*Exercise directions*: Using the listing below, print exactly everything from the line with "The Best Way" down to the line with "サポート満足度集計結果", both included, and nothing more.

*Material shown*:
+===+

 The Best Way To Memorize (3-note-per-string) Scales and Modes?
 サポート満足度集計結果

+===+

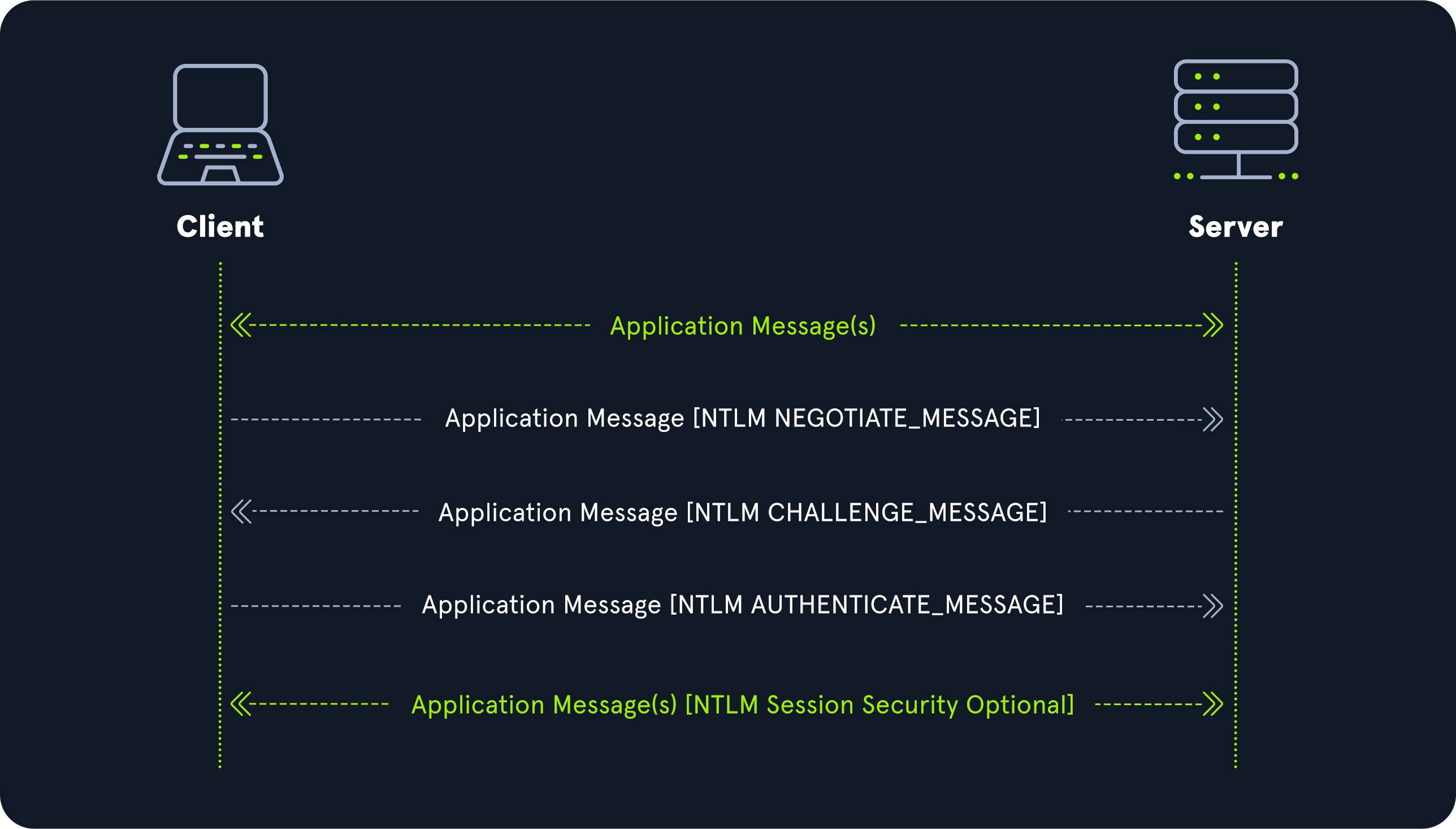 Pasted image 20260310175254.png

+===+

*Your response*:
 The Best Way To Memorize (3-note-per-string) Scales and Modes?
 サポート満足度集計結果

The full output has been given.